In this section, we produce the plots for the figure in the paper that compare key results between the two implementations, namely: The total/cellular/tissue stresses, the spatial autocorrelations

# Compile data
df_over_time, df_nearest_pairs, df_all_pairs, df_autocorrelations = utils.compile_data_from_layers(
    results_stress_analysis, n_frames=n_frames, time_step=time_step)

Quantitative plots#

In this section we create some quantitiative plots which demonstrate the match between the two implementations. Most noteably, we compare the total, cellular and tissue stress anisotropies as well as the spatial autocorrelation of the total stress.

#max_time = (image[:, :, 1].shape[0] - 1) * time_step
max_time = 60
ylims_stress = [-0.1, 0.65]

drop = viewer.layers['Result of lebedev quadrature on ellipsoid'].data
center = [drop[drop[:,0] == t].mean(axis=0) for t in np.arange(n_frames)]
radius = np.mean([np.sqrt(((drop[drop[:,0] == t] - center[t])**2).sum(axis=1)).mean() for t in np.arange(n_frames)])

Stress anisotropies:#

For total, cell & tissue stress, the Matlab-based implementation yields the following results:

…and these are the result of the napari-stress based implementation (note the different axis limits).
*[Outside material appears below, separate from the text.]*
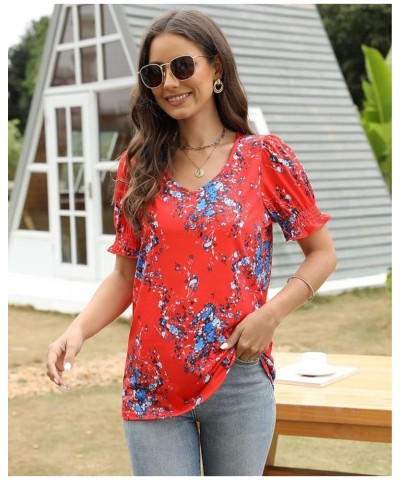 Women's Tops V Neck Ruffle Puff Sleeve Summer Fashion Casual Loose Fit T Shirts 03-red Floral $10.19 T-Shirts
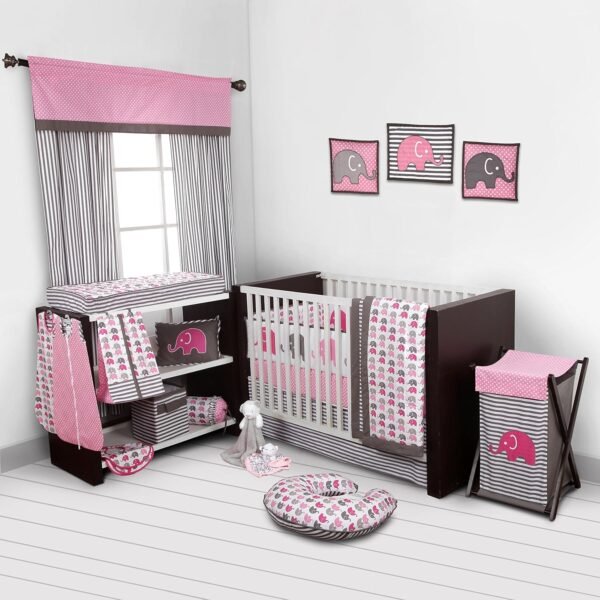 Bacati - Elephants Pink/grey Hamper - Image 2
As you can see, the results are very similar down to the second decimal place (~10kPa).

df_STRESS = pd.DataFrame()
for file in os.listdir('./results_STRESS/'):
    # read from file with data stored in row direction
    single_result = pd.read_csv(f'./results_STRESS/{file}', header=None).T

    column_name = file.split('.')[0]
    df_STRESS[column_name] = single_result.values.flatten()

to_compare = ['stress_total_anisotropy', 'stress_cell_anisotropy', 'stress_tissue_anisotropy']

for item in to_compare:
    difference_absolute = df_STRESS[item] - df_over_time[item]
    difference_relative = np.abs(difference_absolute) / df_over_time[item]

    df_over_time[f'{item}_difference_absolute'] = difference_absolute
    df_over_time[f'{item}_difference_relative'] = difference_relative

    print(f"Mean absolute difference for {item}: {difference_absolute.mean()} $\pm$ {difference_absolute.std()}")
    print(f"Mean relative difference for {item}: {difference_relative.mean()} $\pm$ {difference_relative.std()}")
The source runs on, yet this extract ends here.